This is a wise move on Noem’s part because almost half the legislators who go to Pierre have known nothing but flush years during their service. As Noem noted in her column, 49% of the Legislature’s 105 lawmakers have been serving only since 2020.
“These legislators are used to having huge revenues and surpluses to spend on whatever they want,” Noem said in her column. “They have not had to do what more and more families across America are having to do — stick to a tight budget.”
What those lawmakers will learn is that in most budget years, there are some groups that are typically losers. It’s not uncommon, when the budget is tight, for a lack of revenue to leave education, health care and state employee salaries underfunded.

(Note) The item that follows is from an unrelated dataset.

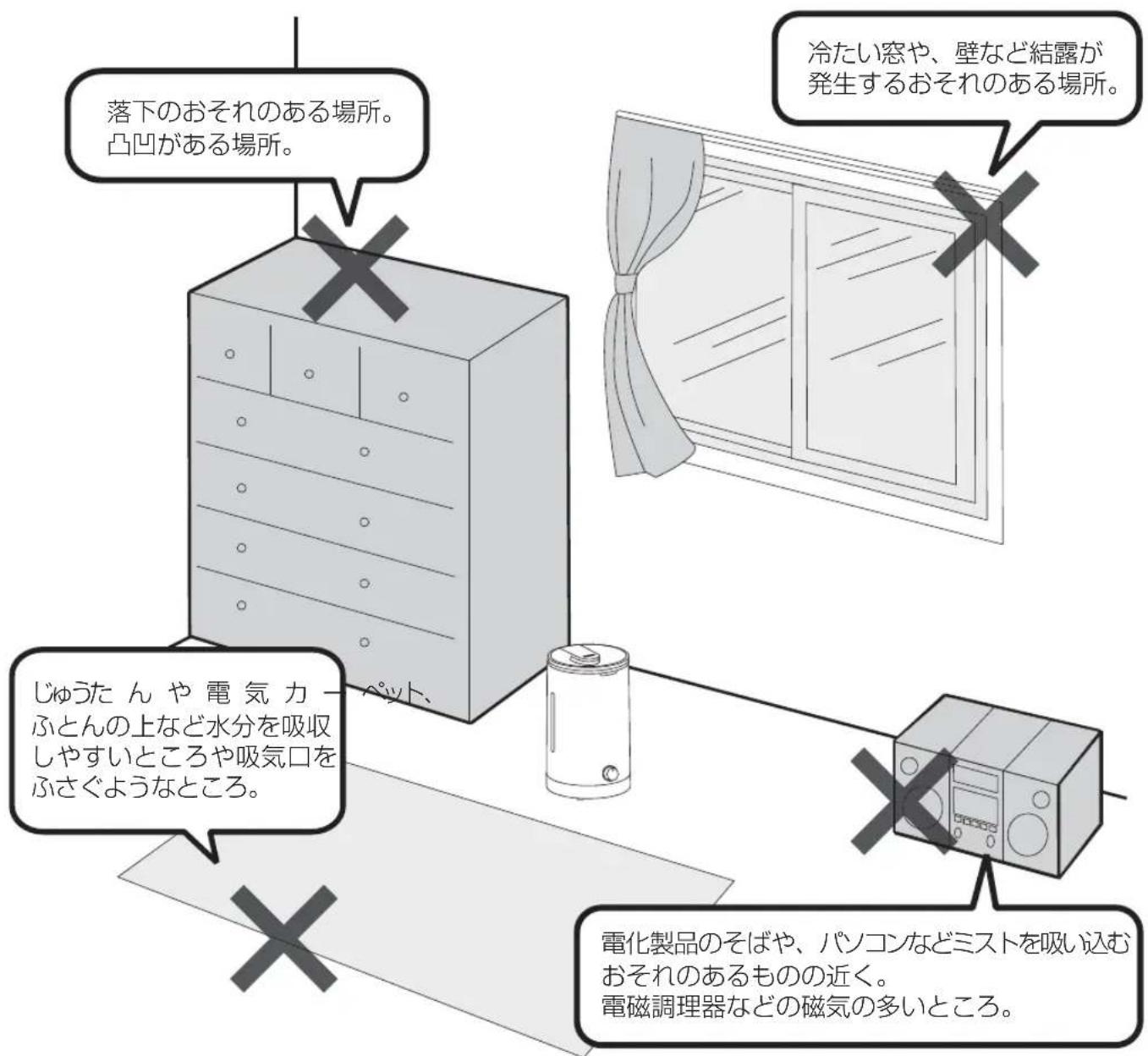 落下のおそれのある場所。 凸凹がある場所。 冷たい窓や、壁など結露が 発生するおそれのある場所。 じゅうた ん や 電気カ ー ふとんの上など水分を吸収 しやすいところや吸気口を ふさぐようなところ。 電化製品のそばや、パソコンなどミストを吸い込む おそれのあるものの近く。 電磁調理器などの磁気の多いところ。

Faced with a lack of funding, it’s likely lawmakers will look around for other sources of revenue. Noem was adamant in her column that they should keep their hands off what she refers to as the “tax holiday” implemented in the last session when the Legislature cut the state sales tax from 4.5% to 4.2%.
While this tax cut doesn’t provide much relief at the cash register —spend $100 to save 30 cents — it will account for an estimated $104 million that won’t be flowing into state coffers. It’s no wonder that some lawmakers are already talking about putting an early end to the tax holiday.
Aside from the state’s regular funding needs, there are new financial challenges on the horizon. A legislative summer study looked at ways to help financially strapped counties. One solution would be for the state to take on some of the cost of tax collection, criminal justice and emergency management. Good luck paying for those added burdens in a normal budget year.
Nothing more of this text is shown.